Introvert or extravert?

Yesterday I had a conversation with my mother and sister about being introverted or extraverted. I’ve actually thought about my own personality with regards to this trait a lot while studying psychology, because I feel like it changes depending on the day. I have taken simple online tests a few times and generally my score ends up somewhere near the middle – today I scored 59 on a scale of 100 (click here for test I used today). This would mean that today I’m slightly more extraverted than introverted, but if I had filled out the questions about which I wasn’t completely sure differently I may well have ended on the other side of the scale. Does this mean I am a so-called ambivert? Or does the way we explain this trait just not cover all possibilities, even though we see it as a continuum?

Before I continue, a little explanation for people who don’t know how introversion and extraversion are defined. Introverted people are generally seen as being reserved, analytical and solitary. They are not necessarily shy, but they enjoy spending time by themselves as opposed to with other people. Extraversion, on the other hand, indicates being talkative, assertive and outgoing. Extraverts enjoy being around groups of people, but of course they need time for themselves too from time to time. Introversion and extraversion are generally seen to be part of the same scale, which means you can score low (introverted), high (extraverted) or somewhere in the middle (ambiverted). You can’t, however, be introverted and extraverted at the same time. That’s the part I struggle with. Is it really that impossible to be a very talkative person who really enjoys spending time alone?

A lot of people think about introversion and extraversion in terms of energy. Introverts don’t necessary dislike being in social situations, but they need time alone to recharge afterwards. Extraverts actually get depleted by being alone and need people around them to thrive. Putting myself in either one of these categories is very hard. I guess the easiest way to explain my energy level in social situations is by comparing it to a sugar rush. Being social makes gives me a ton of energy – I can even get a bit over-excited if I’m really enjoying myself – but as soon as I’m alone again I feel depleted. If I don’t get a bit of time on my own I could even get grumpy (as my ex-flatmates and people who I’ve travelled with for a longer time may know). Social situations definitely give me a lot of energy, but most of that generated energy is used up immediately.
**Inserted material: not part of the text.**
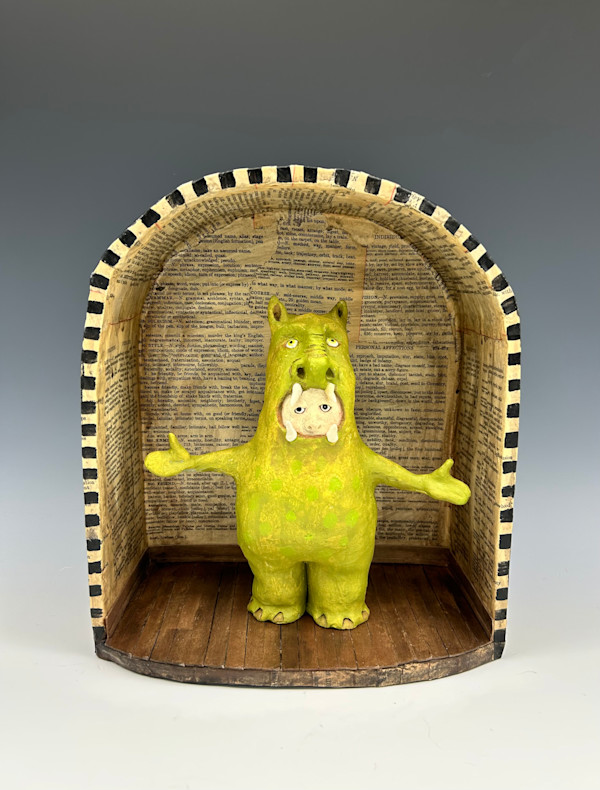 Chartreuse monster on stage by Jeanine Pennell, Image 2.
For me, I think there is a great distinction between the way I feel and the way I act. I enjoy being on my own and tend to be curious and analytical before I actually decide to do something, but as soon as I’m talking I burst into a bubbly person who loves to share stories and laugh a lot. In new situations and especially in bigger groups I can feel a bit awkward at first, but at the same time I want my opinion to be heard and will not back away from trying something I’ve never done before. I guess being nervous to engage in social interaction actually makes me excited to do so. Does this mean I am just an introverted person with a high amount of adrenaline, which makes me seem more extraverted to others? Or does my behaviour actually show that I am an extraverted person who doesn’t have a problem with being alone most of the time?

Maybe viewing this trait as a continuum with the two ends opposing each other is not completely correct, because – at least to me – the ends aren’t as contradicting as they may seem. I don’t like describing myself as the one or the other because I feel like both can be used as labels in a negative way (‘doesn’t take initiative’ for introverts or ‘doesn’t take things serious’ for extraverts). But then again, choosing ambivert instead is not really an option either – it makes you seem indecisive. All I can hope for is that any future job interviewers won’t ask me about it. Maybe I’ll just bring a copy of this post in case they do.